Unnamed: 0,user_id,movie_id,rating,timestamp,movie_title
0,196,242,3,881250949,Kolya (1996)
1,63,242,3,875747190,Kolya (1996)
2,226,242,5,883888671,Kolya (1996)
3,154,242,3,879138235,Kolya (1996)
4,306,242,5,876503793,Kolya (1996)


In [20]:
merged_ds.shape[0] == ratings_ds.shape[0]

True

### Movies recommendations for a given user

In [21]:
user_id = 95
fav_10_movies_titles = merged_ds.query(f'user_id == {user_id}') \
                        .sort_values(by='rating')[-10:]['movie_title'] \
                        .values.tolist()

print(f'Favourite 10 films of user {user_id}:\n')
for movie in fav_10_movies_titles:
    print(movie)

Favourite 10 films of user 95:

Raiders of the Lost Ark (1981)
Bridge on the River Kwai, The (1957)
Much Ado About Nothing (1993)
Blues Brothers, The (1980)
Cyrano de Bergerac (1990)
Lion King, The (1994)
American Werewolf in London, An (1981)
Manchurian Candidate, The (1962)
English Patient, The (1996)
My Fair Lady (1964)


In [22]:
users_sparse = create_csr_matrix(data_set='u', mode='data')

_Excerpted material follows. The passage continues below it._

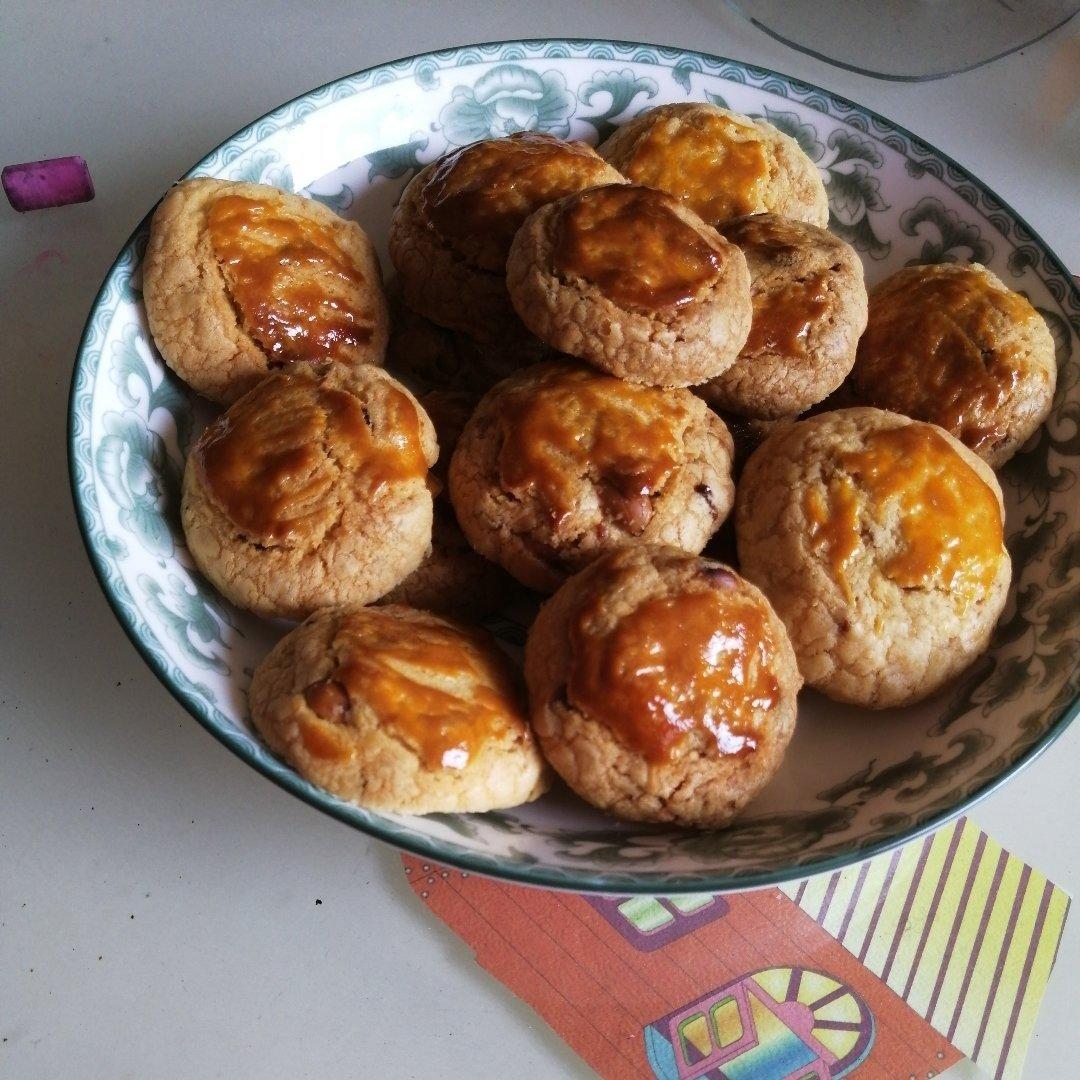美味花生小小酥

ids, _ = model.recommend((user_id - 1), users_sparse[user_id - 1], N=10, 
                              filter_already_liked_items=True)

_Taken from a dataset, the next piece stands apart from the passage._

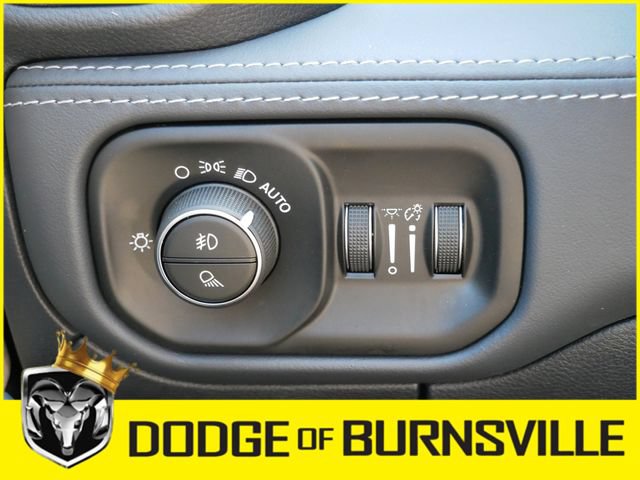 Used 2022 RAM 1500 Limited AWD/4WD image 26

recommended_10_movies = merged_ds[merged_ds['movie_id'].isin(ids)]['movie_title'] \
                        .unique().tolist()

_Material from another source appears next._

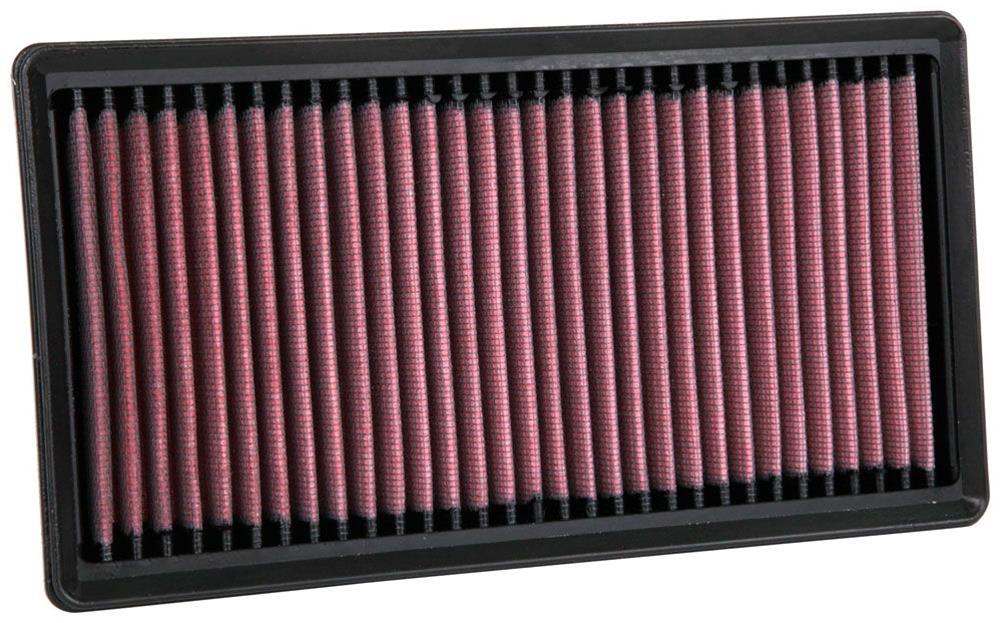 K&N Washable Lifetime Performance Air Filters BM-1019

print(f'10 movies recommendations for user {user_id}: \n')
for movie in recommended_10_movies:
    print(movie)

10 movies recommendations for user 95: 

Star Trek III: The Search for Spock (1984)
Tales From the Crypt Presents: Demon Knight (1995)
Vertigo (1958)
Unbearable Lightness of Being, The (1988)
Corrina, Corrina (1994)
Parent Trap, The (1961)
Snow White and the Seven Dwarfs (1937)
Ref, The (1994)
Breaking the Waves (1996)
Lone Star (1996)


### Similar movies suggestions based on a given movie (The Lion King)

In [24]:
film_id = movies_ds[movies_ds['movie_title'] == 'Lion King, The (1994)']['movie_id']
film_ids, _ = model.similar_items((film_id - 1), N = 10)

similar_10_films = merged_ds[merged_ds['movie_id'].isin(film_ids[0])]['movie_title'] \
                        .unique().tolist()

print('10 similar films to The Lion King:')
similar_10_films

10 similar films to The Lion King:


['Silence of the Lambs, The (1991)',
 'Crow, The (1994)',
 'Twelve Monkeys (1995)',
 'Hour of the Pig, The (1993)',
 'Home Alone (1990)',
 'Bedknobs and Broomsticks (1971)',
 'Four Weddings and a Funeral (1994)',
 'Parent Trap, The (1961)',
 'Bad Boys (1995)',
 'Fly Away Home (1996)']

At least, we can assess the suggested films that are similar to 'The Lion King'. As can be concluded, films such as 'Home Alone', 'Bedknobs and Broomsticks', 'The Parent Trap' and 'Fly Away Home' would be suitable recommendations to see after watching 'The Lion King'.